NAB is to ask shareholders at its annual investor meeting on December 13 to agree to grant Mr Clyne Aus$1.2m (£800,000) of so-called performance rights under a short-term incentive scheme. He will be given another Aus$2.7m of performance rights under a long-term incentive plan.
Performance rights are similar to shares except they do not accumulate dividends.
The long-term award is subject to performance hurdles.
NAB finance director Mark Joiner, appointed to the Clydesdale board in June, is in line for an award under the same schemes worth up to Aus$1.6m.

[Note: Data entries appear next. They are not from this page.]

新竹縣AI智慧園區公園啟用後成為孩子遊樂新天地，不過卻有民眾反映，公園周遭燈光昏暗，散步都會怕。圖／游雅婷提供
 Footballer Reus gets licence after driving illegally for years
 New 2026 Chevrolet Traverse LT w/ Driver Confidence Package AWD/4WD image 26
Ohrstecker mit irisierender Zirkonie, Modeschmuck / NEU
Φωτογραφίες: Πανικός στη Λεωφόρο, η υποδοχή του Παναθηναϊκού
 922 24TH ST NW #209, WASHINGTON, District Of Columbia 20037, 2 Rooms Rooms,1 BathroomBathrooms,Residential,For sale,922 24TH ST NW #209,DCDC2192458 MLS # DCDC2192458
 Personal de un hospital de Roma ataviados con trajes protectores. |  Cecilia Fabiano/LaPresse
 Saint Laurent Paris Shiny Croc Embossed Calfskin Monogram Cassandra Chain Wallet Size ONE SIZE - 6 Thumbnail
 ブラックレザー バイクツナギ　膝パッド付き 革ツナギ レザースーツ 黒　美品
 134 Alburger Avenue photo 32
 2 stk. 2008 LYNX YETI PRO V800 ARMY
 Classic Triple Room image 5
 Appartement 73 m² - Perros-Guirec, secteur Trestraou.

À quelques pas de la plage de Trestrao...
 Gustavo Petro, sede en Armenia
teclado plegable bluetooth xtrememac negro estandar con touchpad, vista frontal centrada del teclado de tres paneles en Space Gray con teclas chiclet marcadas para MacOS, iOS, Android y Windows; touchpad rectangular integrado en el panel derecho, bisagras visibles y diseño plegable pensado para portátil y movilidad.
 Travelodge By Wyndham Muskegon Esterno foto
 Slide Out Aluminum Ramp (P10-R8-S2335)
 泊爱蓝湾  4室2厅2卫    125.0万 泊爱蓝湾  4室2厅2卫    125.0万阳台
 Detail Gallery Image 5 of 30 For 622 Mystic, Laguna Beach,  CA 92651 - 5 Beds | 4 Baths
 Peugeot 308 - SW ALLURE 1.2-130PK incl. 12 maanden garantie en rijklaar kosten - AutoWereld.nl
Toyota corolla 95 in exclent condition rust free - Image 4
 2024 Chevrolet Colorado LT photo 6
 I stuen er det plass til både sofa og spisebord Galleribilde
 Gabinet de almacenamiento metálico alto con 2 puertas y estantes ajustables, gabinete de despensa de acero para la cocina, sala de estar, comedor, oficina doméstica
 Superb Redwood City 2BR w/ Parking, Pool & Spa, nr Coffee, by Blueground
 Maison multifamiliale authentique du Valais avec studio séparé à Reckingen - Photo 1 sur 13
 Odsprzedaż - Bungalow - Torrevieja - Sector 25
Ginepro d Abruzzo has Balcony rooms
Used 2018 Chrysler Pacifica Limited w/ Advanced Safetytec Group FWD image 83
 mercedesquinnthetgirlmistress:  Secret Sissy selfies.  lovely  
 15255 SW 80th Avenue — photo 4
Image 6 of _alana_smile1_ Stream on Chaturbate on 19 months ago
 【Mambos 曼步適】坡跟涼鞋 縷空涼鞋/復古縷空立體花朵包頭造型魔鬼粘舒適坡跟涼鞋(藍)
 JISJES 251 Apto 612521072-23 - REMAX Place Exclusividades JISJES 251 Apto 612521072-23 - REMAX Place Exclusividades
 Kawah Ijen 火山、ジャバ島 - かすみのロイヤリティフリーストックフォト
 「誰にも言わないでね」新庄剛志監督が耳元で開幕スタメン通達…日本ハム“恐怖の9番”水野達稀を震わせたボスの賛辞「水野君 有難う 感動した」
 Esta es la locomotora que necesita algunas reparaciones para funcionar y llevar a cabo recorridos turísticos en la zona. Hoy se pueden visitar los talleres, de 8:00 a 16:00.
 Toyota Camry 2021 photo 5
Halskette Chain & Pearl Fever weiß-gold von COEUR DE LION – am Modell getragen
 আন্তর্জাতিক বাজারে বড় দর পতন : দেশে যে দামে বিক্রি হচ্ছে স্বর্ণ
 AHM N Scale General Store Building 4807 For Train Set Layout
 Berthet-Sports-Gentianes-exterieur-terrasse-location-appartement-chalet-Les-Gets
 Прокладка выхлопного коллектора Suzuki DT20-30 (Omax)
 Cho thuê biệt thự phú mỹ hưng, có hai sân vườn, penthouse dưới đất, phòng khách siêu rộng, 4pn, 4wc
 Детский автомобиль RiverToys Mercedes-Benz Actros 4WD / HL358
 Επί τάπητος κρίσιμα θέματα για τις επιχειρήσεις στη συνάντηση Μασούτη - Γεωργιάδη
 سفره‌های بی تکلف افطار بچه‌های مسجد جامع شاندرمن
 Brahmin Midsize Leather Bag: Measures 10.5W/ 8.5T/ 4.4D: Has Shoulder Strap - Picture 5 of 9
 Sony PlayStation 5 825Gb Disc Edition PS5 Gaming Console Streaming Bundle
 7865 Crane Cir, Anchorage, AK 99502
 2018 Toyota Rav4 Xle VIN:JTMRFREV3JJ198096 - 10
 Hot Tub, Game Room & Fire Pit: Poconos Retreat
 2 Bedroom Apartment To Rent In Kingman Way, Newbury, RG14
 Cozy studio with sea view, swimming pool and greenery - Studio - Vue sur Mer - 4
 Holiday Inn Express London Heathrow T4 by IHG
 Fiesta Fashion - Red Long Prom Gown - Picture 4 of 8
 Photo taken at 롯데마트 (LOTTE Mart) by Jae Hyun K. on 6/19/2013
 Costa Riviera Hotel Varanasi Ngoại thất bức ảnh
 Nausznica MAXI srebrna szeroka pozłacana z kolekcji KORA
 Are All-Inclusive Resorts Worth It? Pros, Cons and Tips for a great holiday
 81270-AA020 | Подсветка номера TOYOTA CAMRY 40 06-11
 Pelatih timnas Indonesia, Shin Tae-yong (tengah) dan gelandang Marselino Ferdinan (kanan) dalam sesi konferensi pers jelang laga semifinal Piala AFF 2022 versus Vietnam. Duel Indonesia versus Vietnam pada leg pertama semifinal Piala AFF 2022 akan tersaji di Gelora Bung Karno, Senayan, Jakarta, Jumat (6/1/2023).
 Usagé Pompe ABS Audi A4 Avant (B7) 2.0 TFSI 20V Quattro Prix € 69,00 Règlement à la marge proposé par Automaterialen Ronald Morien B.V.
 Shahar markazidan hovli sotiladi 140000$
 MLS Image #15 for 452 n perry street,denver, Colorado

The awards could prove controversial with NAB shareholders because in the 12 months to September 30 the company posted a 22% drop in net profit to Aus$4.1 billion, much of this fall due to the performance of Clydesdale Bank.
Glasgow-based Clydesdale recorded a £183m loss for the year as it was hit by bad debts on its property loan book. Chief executive David Thorburn is overseeing a turnaround plan that will see the bank retreat to its heartlands in Scotland and northern England, where it owns Yorkshire Bank.
The bank said at the end of October that it had reduced headcount by 468 so far this year. In all, 1400 people are expected to leave by September 2015.
The bank anticipates cutting fewer than 100 jobs in Scotland.
A Clydesdale spokesman declined to comment yesterday.
Despite its problems, Mr Clyne has indicated that NAB plans to hold on to Clydesdale for at least a while, asserting that investors do not want to see a distressed sale.
Some business borrowers have complained that Clydesdale's withdrawal from commercial property lending could hit the Scottish economy.